◆ The task
Return all the data verbatim but without images.

--- Supplied material Enclosed Below ---

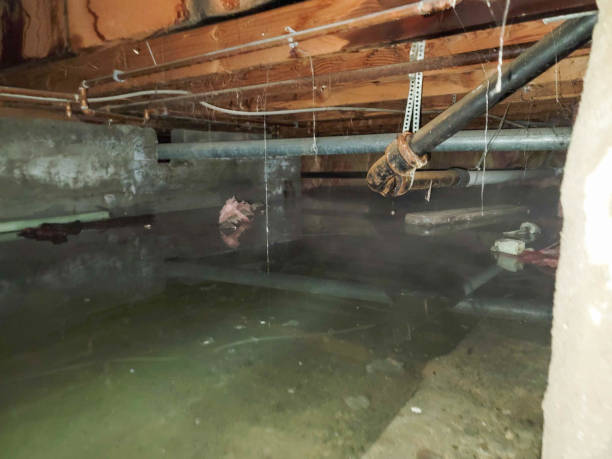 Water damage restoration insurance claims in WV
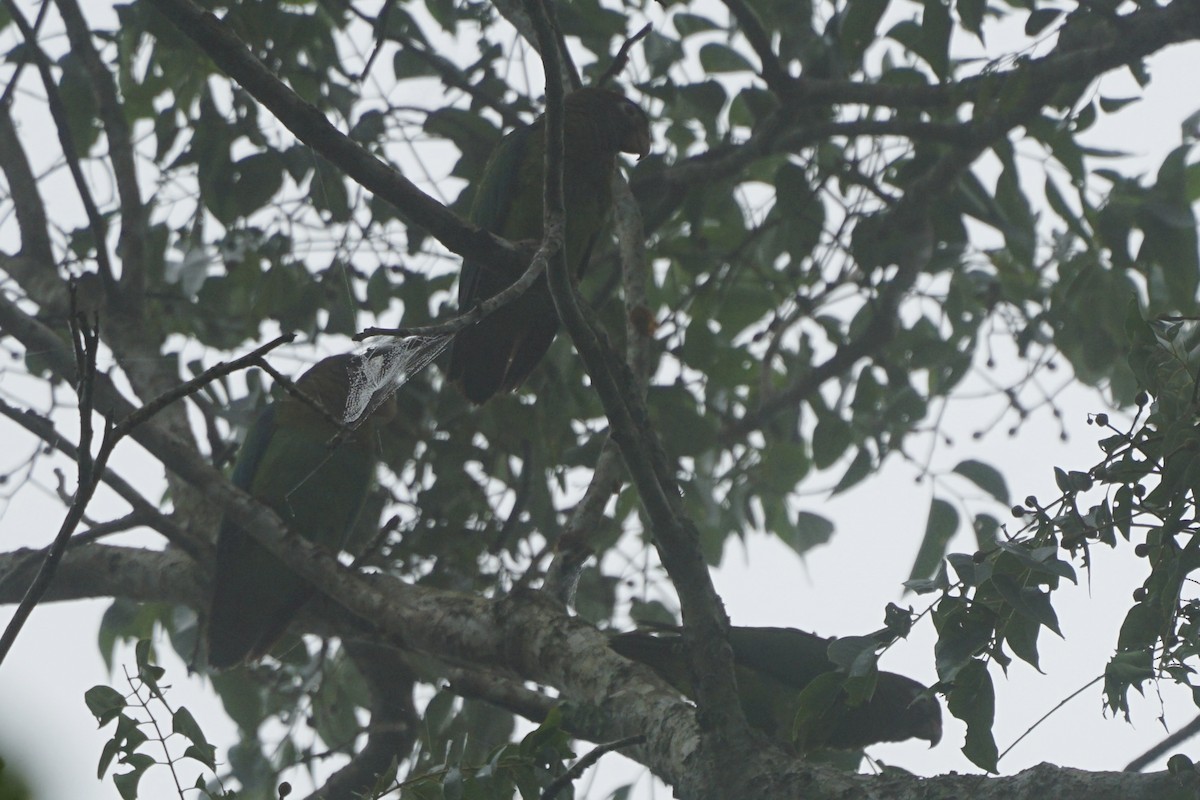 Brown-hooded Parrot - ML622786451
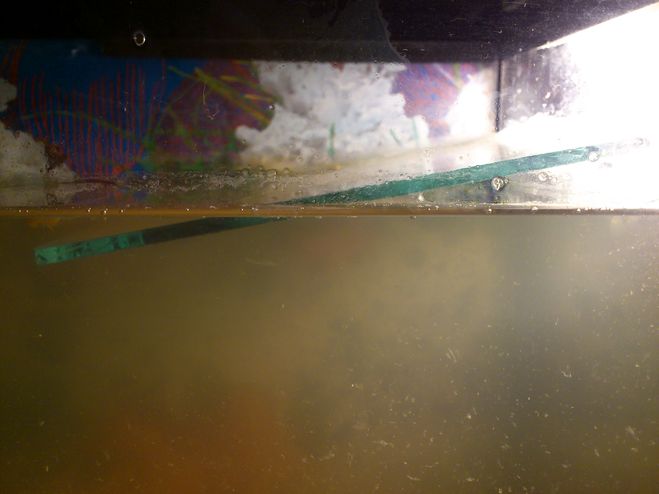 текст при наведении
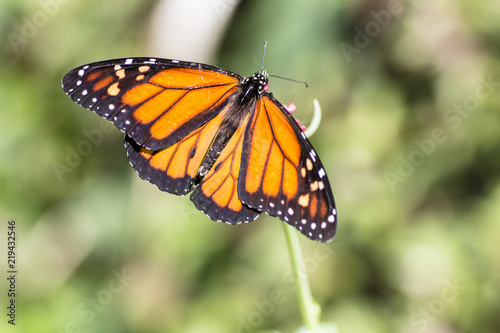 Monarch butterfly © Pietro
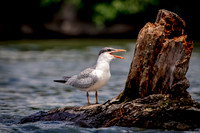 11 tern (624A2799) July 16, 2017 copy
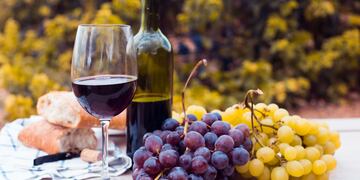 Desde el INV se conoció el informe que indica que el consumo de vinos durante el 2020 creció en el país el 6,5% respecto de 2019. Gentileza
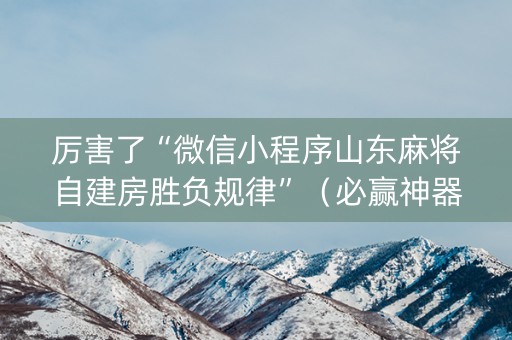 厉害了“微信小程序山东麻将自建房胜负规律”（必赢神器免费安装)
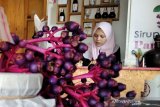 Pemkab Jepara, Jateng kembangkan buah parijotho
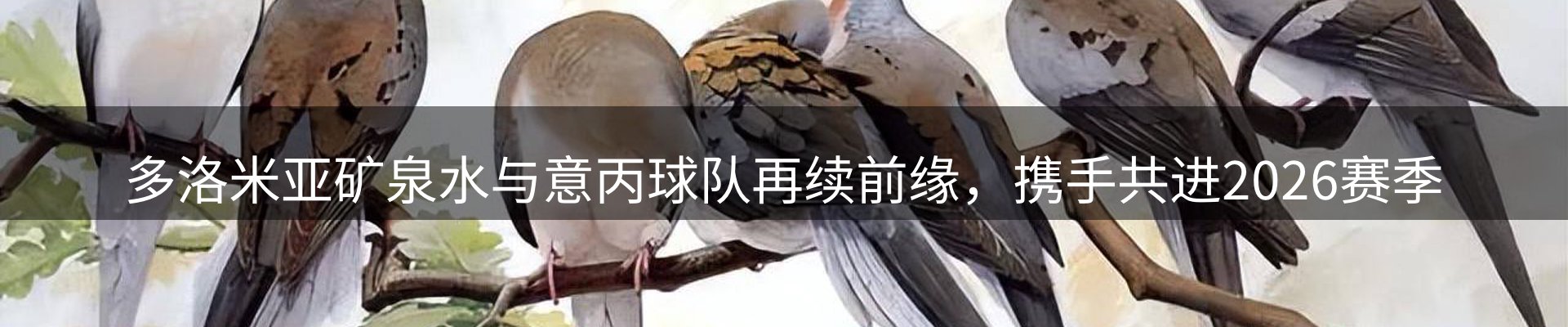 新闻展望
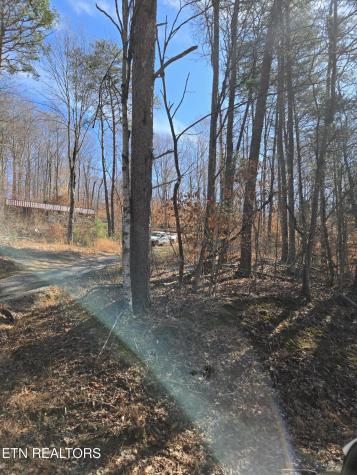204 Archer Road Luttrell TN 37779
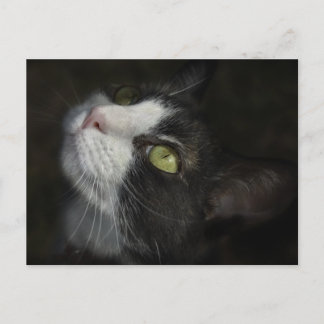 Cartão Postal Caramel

--- End of Enclosed Supplied material ---

◆ Solved problem
 Water damage restoration insurance claims in WV
 Brown-hooded Parrot - ML622786451
 текст при наведении
 Monarch butterfly © Pietro
 11 tern (624A2799) July 16, 2017 copy
 Desde el INV se conoció el informe que indica que el consumo de vinos durante el 2020 creció en el país el 6,5% respecto de 2019. Gentileza
 厉害了“微信小程序山东麻将自建房胜负规律”（必赢神器免费安装)
 Pemkab Jepara, Jateng kembangkan buah parijotho
 新闻展望
204 Archer Road Luttrell TN 37779
 Cartão Postal Caramel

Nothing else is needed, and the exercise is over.